SUPPLIED RECORDS:
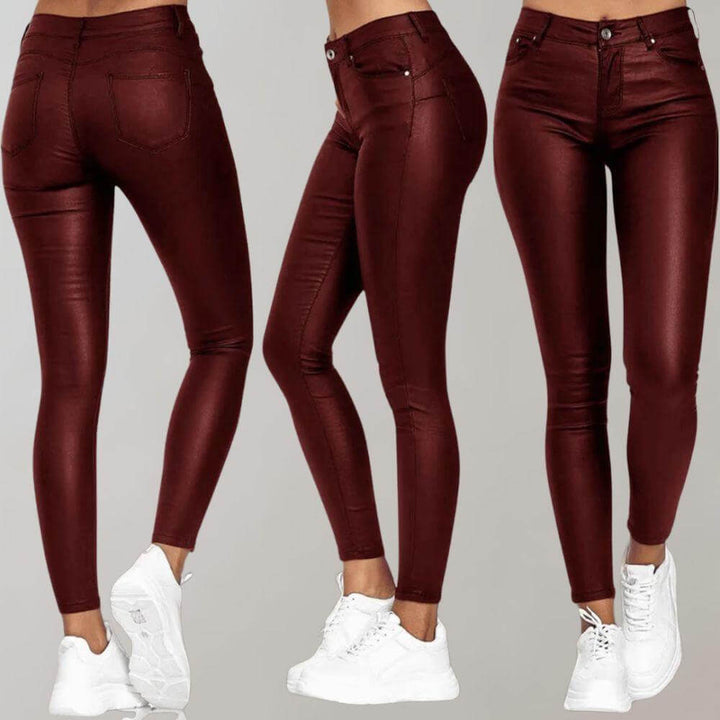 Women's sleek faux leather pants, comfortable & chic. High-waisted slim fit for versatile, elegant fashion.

* * *

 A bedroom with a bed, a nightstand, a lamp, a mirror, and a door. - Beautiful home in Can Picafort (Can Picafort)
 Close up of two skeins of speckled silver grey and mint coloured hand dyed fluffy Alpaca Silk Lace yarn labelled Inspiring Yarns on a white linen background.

ACTION ITEM: Return only the part of the records above that opens with the line containing "A bedroom with" and closes with the line containing "Close up of", ends included.

COMPLETED TASK:
 A bedroom with a bed, a nightstand, a lamp, a mirror, and a door. - Beautiful home in Can Picafort (Can Picafort)
 Close up of two skeins of speckled silver grey and mint coloured hand dyed fluffy Alpaca Silk Lace yarn labelled Inspiring Yarns on a white linen background.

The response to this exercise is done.